Aujourd'hui, il ne peut pas y en avoir moins, mais il n'y en a toujours aucune. Un parti révolutionnaire fait cruellement défaut aujourd'hui, comme hier, à la classe ouvrière. Les organisations révolutionnaires ne représentent toujours que fort peu de choses, tant du point de vue de l'influence, que du point de vue des forces militantes par rapport à la classe ouvrière. Malheureusement, elles ne représentent pas grand-chose non plus sur le plan du capital politique.

Pas de perspectives politiques pour la classe ouvrière sans parti révolutionnaire

On ne peut guère parler de perspectives politiques pour la classe ouvrière française en l'absence d'un parti révolutionnaire tant soit peu digne de ce nom, car les perspectives politiques ne peuvent être que des perspectives conscientes.

Proposer, comme le fait la LCR, l'objectif d'un gouvernement PC-PS serait une plaisanterie si, en fait ce n'était encore une fois un alignement sur le PC ou le PS. Car l'on peut effectivement imaginer une crise sociale telle que la bourgeoisie fasse appel aux hommes politiques du PC et du PS, dont Mitterrand, homme politique bourgeois s'il en est, mais un tel gouvernement serait une machine de guerre anti-ouvrière, un coup d'arrêt à la lutte des travailleurs. Et si les révolutionnaires, dans la dynamique même d'une telle lutte, peuvent être amenés à soutenir un tel gouvernement, ou même à réclamer qu'il prenne tous les pouvoirs, c'est une trahison mesquine et sordide de l'héritage marxiste que de prétendre donner un tel objectif dans la situation actuelle où les travailleurs sont loin d'être mobilisés.

La classe ouvrière n'a pas, pour le moment, de fraction avancée, conséquente et organisée sur le terrain politique. Elle ne peut donc avoir de perspectives politiques indépendante. Les révolutionnaires sont trop faibles soit politiquement, soit organisationnellement pour combler ce vide dans le présent.

La crise au sein du PC

Est-ce qu'il y a au sein du PC une crise telle qu'une fraction de ses militants prenne conscience de la nécessité de créer une autre organisation ? C'est la seule question de l'heure.

Pour le moment, il semble que cette crise touche principalement les milieux d'intellectuels et de petits bourgeois qui reprochent en substance au PC d'avoir fait perdre les élections à la gauche par son intransigeance. Par sa politique ambiguë qui consiste à reprocher à la gauche sa division et plus particulièrement au PC d'en être responsable, la LCR peut parfaitement trouver un écho dans ces couches et y trouver à se renforcer.

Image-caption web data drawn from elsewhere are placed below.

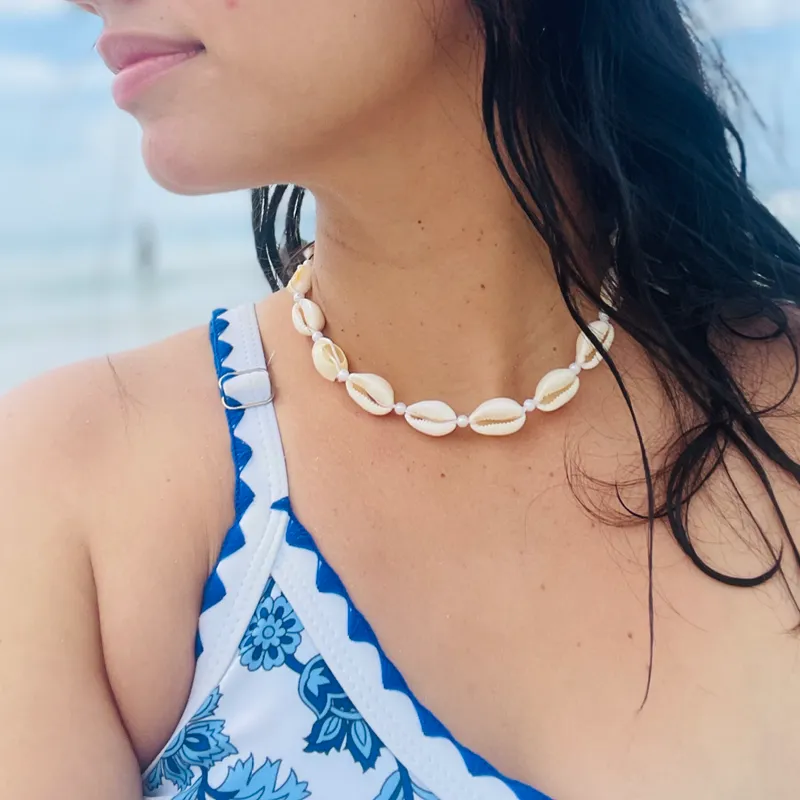 Collar de caracoles con perlas pequeñas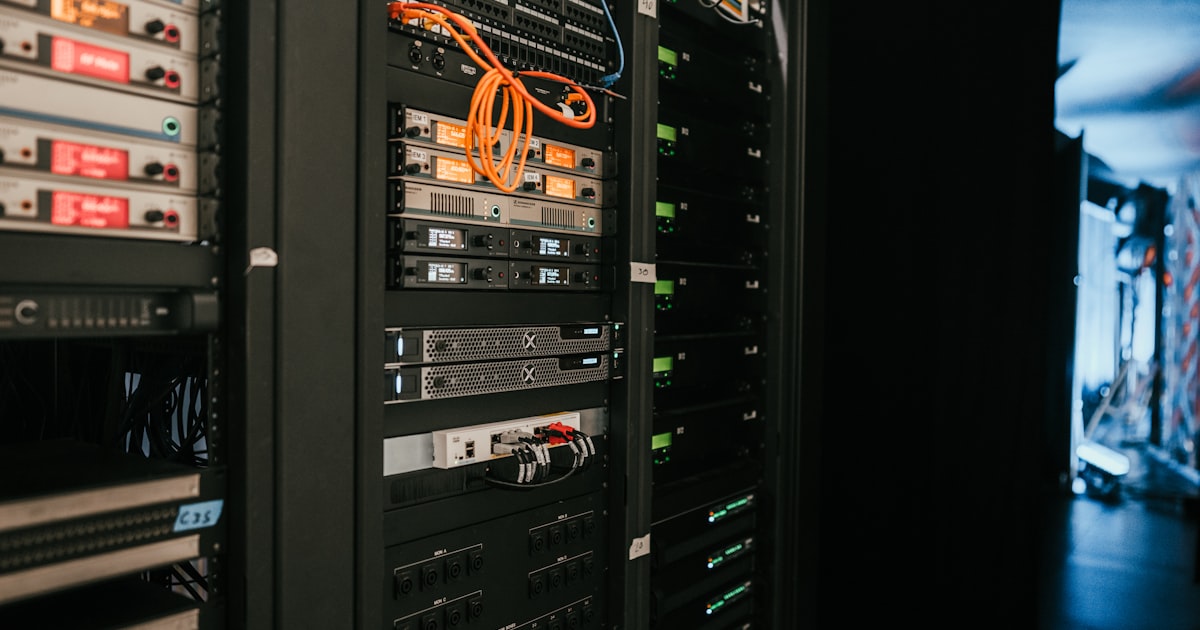 Dell PowerRack 與 Deskside Agentic AI 完整解析：金融、醫療、律師事務所「資料不出公司」的地端 AI agent 採購決策 封面圖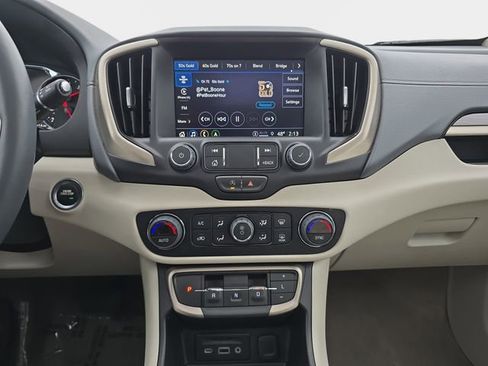 Used 2024 GMC Terrain Denali w/ Denali Premium Package AWD/4WD image 23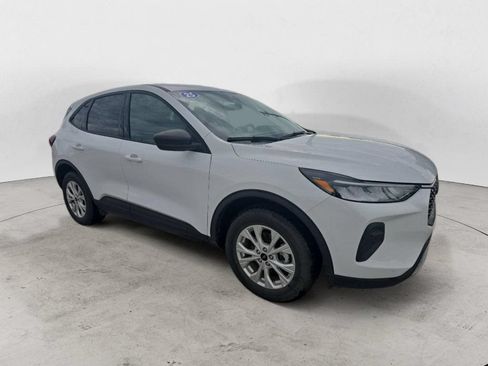 Used 2025 Ford Escape Active AWD/4WD image 3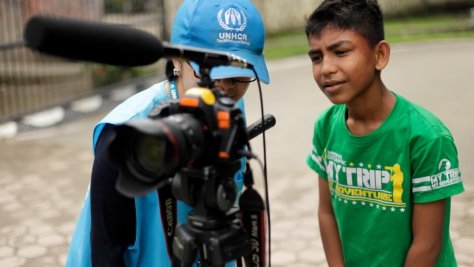 Indonesia. Rohingya siblings split by tragedy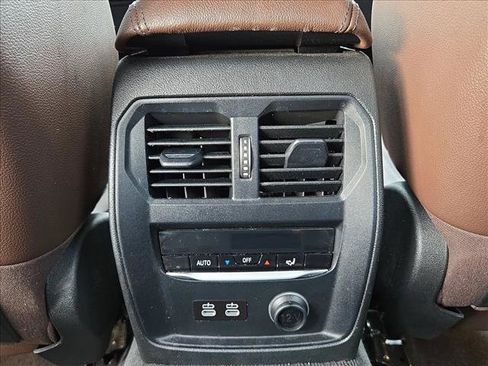 Used 2019 BMW 330i xDrive Sedan AWD/4WD image 18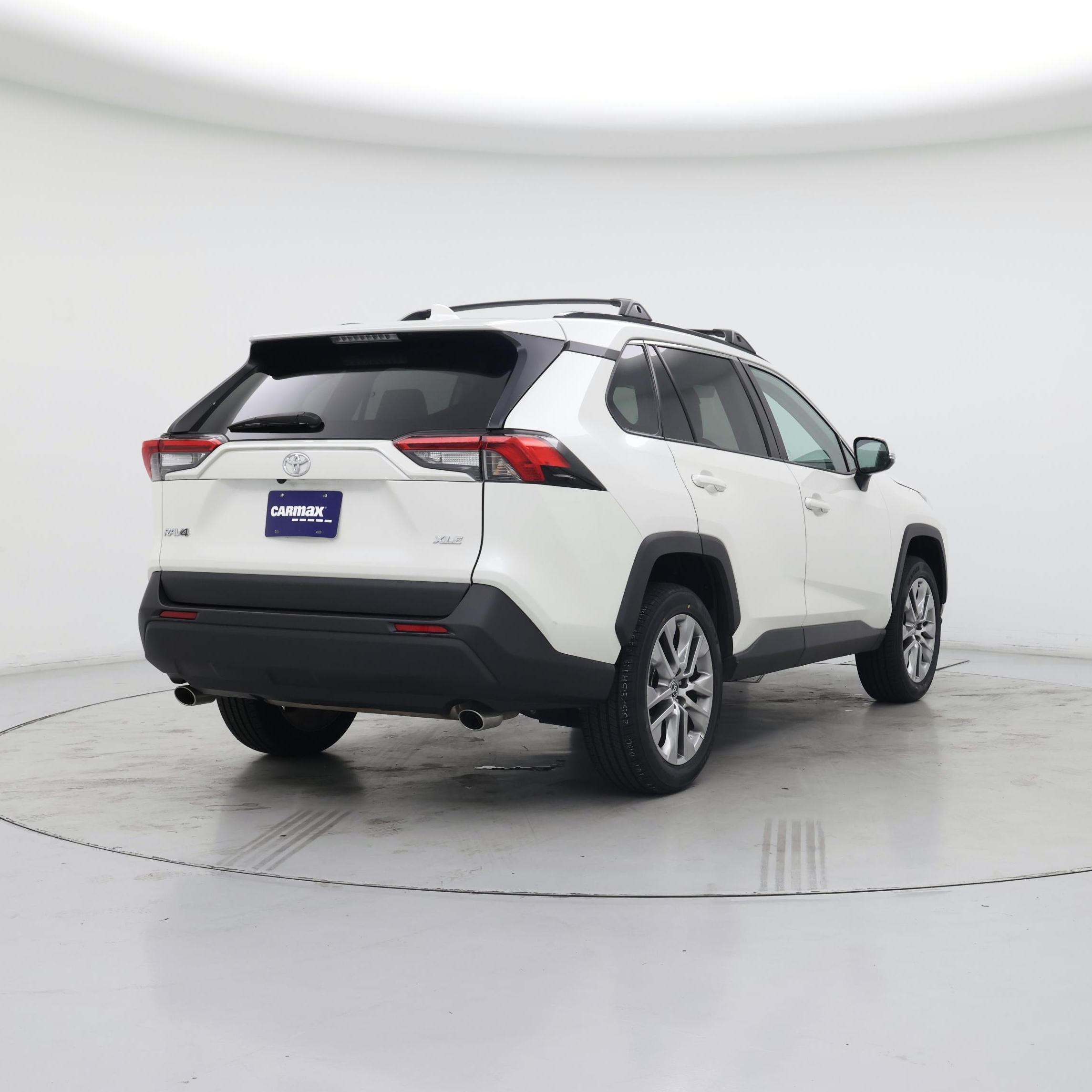 Thumbnail: 2022 Toyota RAV4 - 8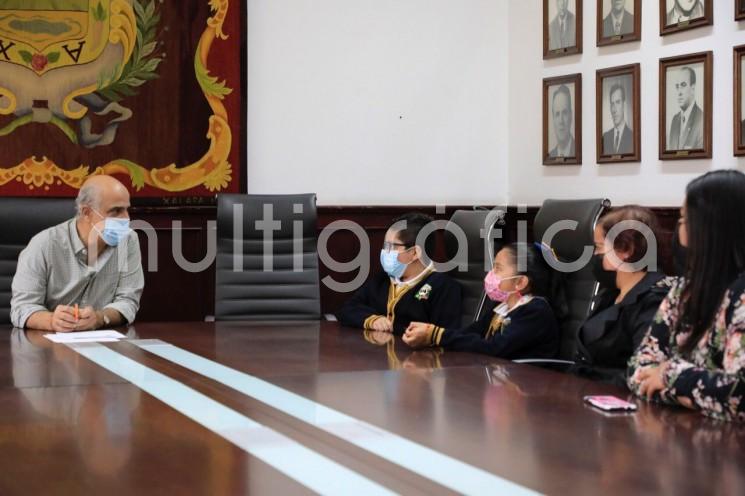 El alcalde Ricardo Ahued Bardahuil refrendó el compromiso de su administración con la educación y manifestó que desde el Ayuntamiento de Xalapa se trabajará en las demandas de los niños y jóvenes para generar ambientes sanos y seguros.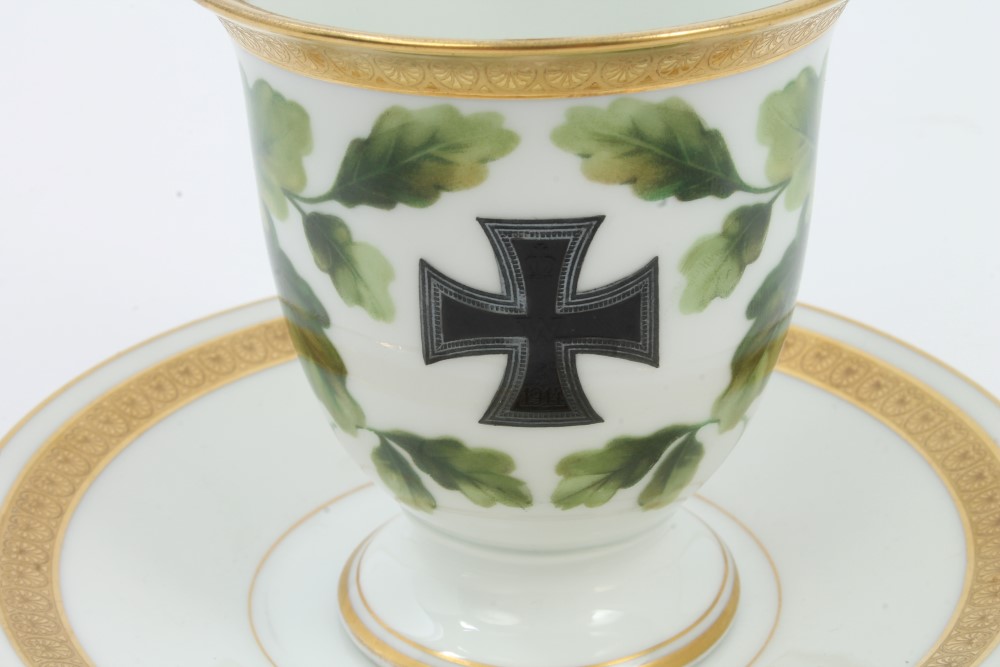 German Rosenthal cabinet cup and saucer painted with First World War Iron Cross within oakleaves, - Bild 3 aus 7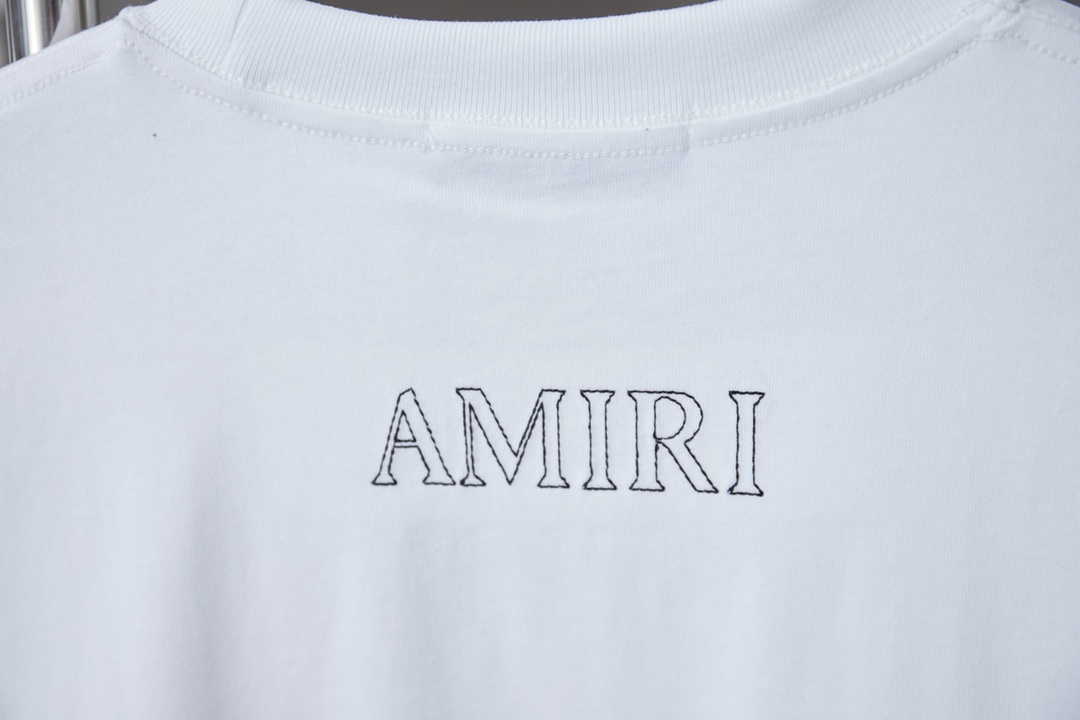 AMIRI n級コピー ポケットロゴTシャツ 刺繍デザイン カジュアル半袖 高級感｜スーパーコピー服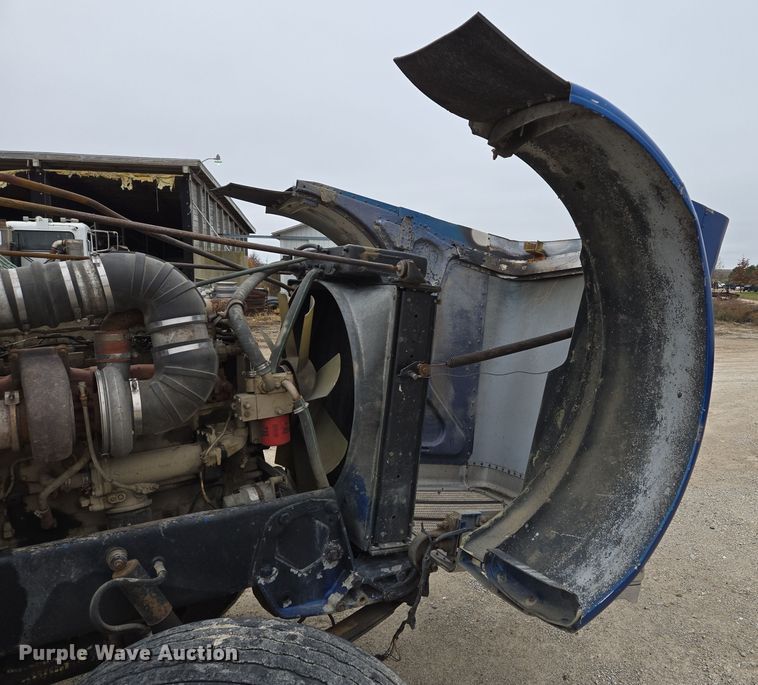 image for item EQ3657 Peterbilt  379 hood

C'est possible, mais cela n'ouvrira certainement pas de perspectives politiques à la classe ouvrière.

Maintenant, il est possible que, plus à la base, parmi les militants qui n'ont pas l'habitude de s'exprimer publiquement, il y ait aussi, et parallèlement, un désaveu du réformisme et la conscience qu'une autre politique est possible et qu'il faut renouer avec les idées révolutionnaires. C'est possible mais il est difficile de le savoir, les militants ouvriers sont ceux qui s'expriment le moins, sont ceux qui rencontrent le moins d'échos et le moins de journalistes pour faire entendre leur voix. Ces militants, il faut être capable de les trouver là où ils se trouvent, dispersés dans tout le pays, dans les ateliers, les bureaux, les entreprises petites et grandes.

C'est la tâche que nous nous proposons.

Nous ne pensons pas pouvoir offrir dans la période qui vient de

perspectives politiques à l'ensemble de la classe ouvrière. Ce que nous pensons, c'est qu'il faut se donner les moyens de vérifier si la crise au sein du PC et du PS ne touche pas que ceux qui sont déçus de ne pas se trouver dans les allées petites ou grandes du pouvoir, et si elle touche aussi les militants ouvriers, afin d'être en mesure, dans une deuxième étape d'offrir à la classe ouvrière les moyens de se donner des perspectives politiques, c'est-à-dire un parti révolutionnaire réellement lié aux masses.